In my time on Facebook, I have been un-friended twice:

  • The first time was in January, when I objected to the universal condemnation of Israel for their attacks in Gaza, and wondered why people weren’t condemning Hamas for the indiscriminate targeting of Israeli civilians and using civilians as human shields.
  • The second time was yesterday, when I objected to the characterization of anyone who objects to Obama’s “progressive” policies as racist - we just don’t know we’re racist - rather than acknowledging that some of us have fundamental differences of opinion about the appropriate role of government.

In both instances, the “friend” who un-friended me was a liberal.

At the same time, I have a large number of quite conservative friends, who consider me quite the liberal for my positions on same-sex marriage, church/state separation, the failure that was the presidency of George W. Bush, the disaster that is the war in Iraq, the incredible over-reaches/power-grabs of the GWoT and PATRIOT act, etc. I write about these on my blog and link there here, debate them, etc.

None of my conservative friends have un-friended me, as far as I am aware. Certainly not in the middle of an active debate.

People who know me - who are my friends - know that I am neither a “liberal” nor a “conservative”. There are areas where I am quite liberal (e.g. many social justice issues), and those where I am quite conservative (e.g. fiscal policy). I consider myself a libertarian, but with more of a “trust but verify” view of government than many libertarians.

Basically, I can find something to debate with pretty much anybody.

I am co-author on a blog, The Victorious Opposition. This blog is a spinout from another, explicitly right-leaning, blog, where I got involved in the reader community, debating my anti-Bush, anti-GWoT, pro-choice, pro-gay, pro-ACLU positions in a decidedly hostile environment. My co-founders of The VO were my two primary antagonists in that forum. We routinely talked about Thunderdome[TM] - the three of us would go out it in quite the heated fashion on many a topic.

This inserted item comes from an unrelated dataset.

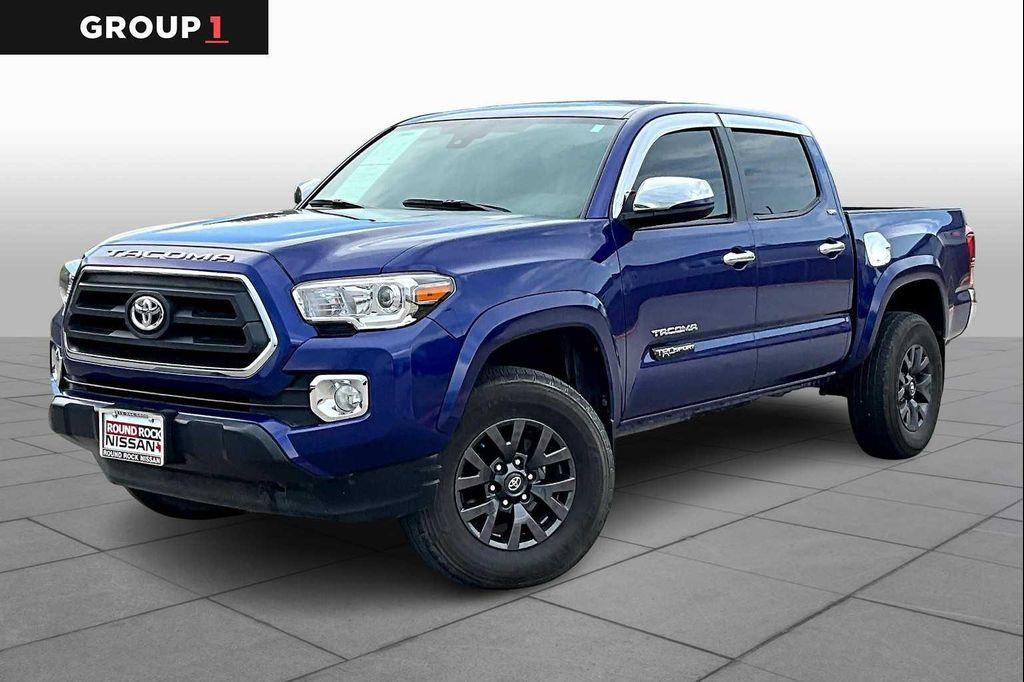 used 2023 Toyota Tacoma car, priced at $30,837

Yet when they decided it was time to go start their own blog, they asked me to come write with them. There are a couple of areas where we found common ground, but for the most part, we don’t agree on very much. But we understand the power of open and honest debate, with multiple distinct points of view involved. Yes, sometimes it gets heated, but it never gets uncivil - we don’t allow ourselves to go there, and we don’t allow our community to go there.

Most people appear to like “debating” in an echo chamber. Which boils down to excoriating the other side, and group-think. Both the left and the right are guilty of this, in spades. I think our way is better.

But back to the title of this essay - the left wing generally accuses the right wing of being closed-minded and inflexible, uninterested in heterogeneous society. One of the accusations I hear on my blog, however, particularly when I’m writing about same-sex marriage, is that liberals are actually the rigid, inflexible, closed-minded ones who have no tolerance for anyone challenging their views. In response, I point out the last few years of the right wing declaring that anyone who disagreed with the sainted GWB was un-American, un-patriotic, should leave the country, etc (which was routinely hurled my way at that other blog, including by my now-co-authors) wasn’t exactly the height of open and civil debate.

But my second instance of being un-friended by a liberal, in the middle of a debate, because (in this instance)  I objected to being blanket characterized as a racist for my policy objections, makes me wonder if maybe they’re right.

And in case you’re suspecting I over-reacted to something and maybe said something I shouldn’t have - here’s the comment I responded to:

I don’t think you can reasonably separate the political past of this country and the results of the policies that came out of that past. To wish we had the country whose Conservative policies - including spending, military, and social policies - were severely damaging to Blacks (and many others) is to wish that the people who were harmed by those policies were again relegated to that place. Now, the people making the statement may not have delved that deeply into their consciousness to examine exactly what they’re implying, but maybe it’s time they start doing that.

and here’s what I wrote in response:

I find the implication that those of us who don’t agree with Obama’s “progressive” agenda are inherently racist - but just don’t know it - more than a little offensive. You trivialize our objections to fundamental policy issues about the role of government as bigotry. That’s not particularly debate-worthy.

When I went back this morning, I could no longer access the discussion because I’d been un-friended.

So I gotta ask - why are my liberal friends afraid of actual debate that challenges their deeply-held convictions, but my conservative friends are not? Who, exactly, are the closed-minded ones?